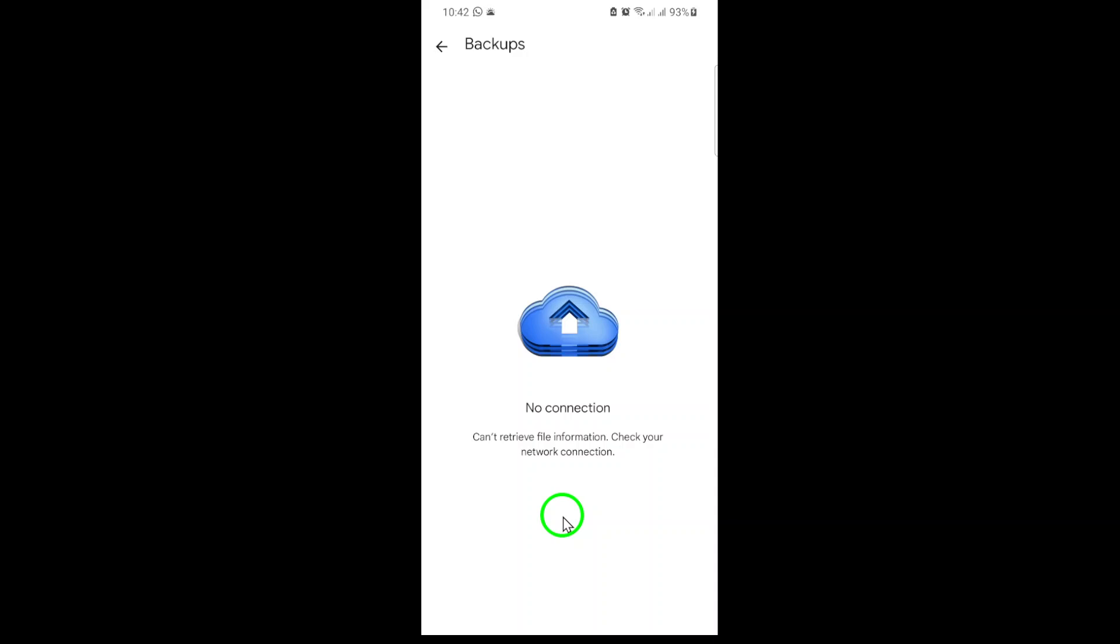If you're certain, tap Delete or Confirm. In just a few seconds, your phone backup will be permanently removed from Google Drive, freeing up space and giving you more control over your stored data.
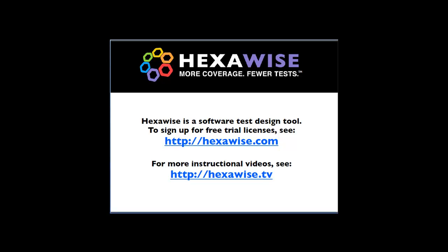HexaWise is a software test design tool. To sign up for free licenses see http://hexawise.com and for more instructional videos see hexawise.tv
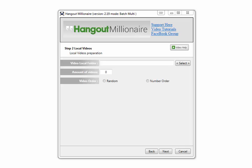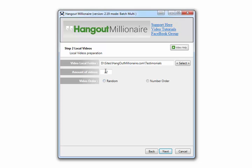I've selected the folder — it's got 22 videos in there. You've got the option here of random or number order, exactly like the previous window with the local photo option. If you've got a product or client that has a lot of different videos, you can put all those videos in one folder and the software will randomly select one of those videos each time it produces a broadcast.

━━━━━━━━

_What you will do_:
All of the data above should be quoted exactly, except for the pictures.

_Solution to the exercise_:
If you're certain, tap Delete or Confirm. In just a few seconds, your phone backup will be permanently removed from Google Drive, freeing up space and giving you more control over your stored data.
HexaWise is a software test design tool. To sign up for free licenses see http://hexawise.com and for more instructional videos see hexawise.tv
I've selected the folder — it's got 22 videos in there. You've got the option here of random or number order, exactly like the previous window with the local photo option. If you've got a product or client that has a lot of different videos, you can put all those videos in one folder and the software will randomly select one of those videos each time it produces a broadcast.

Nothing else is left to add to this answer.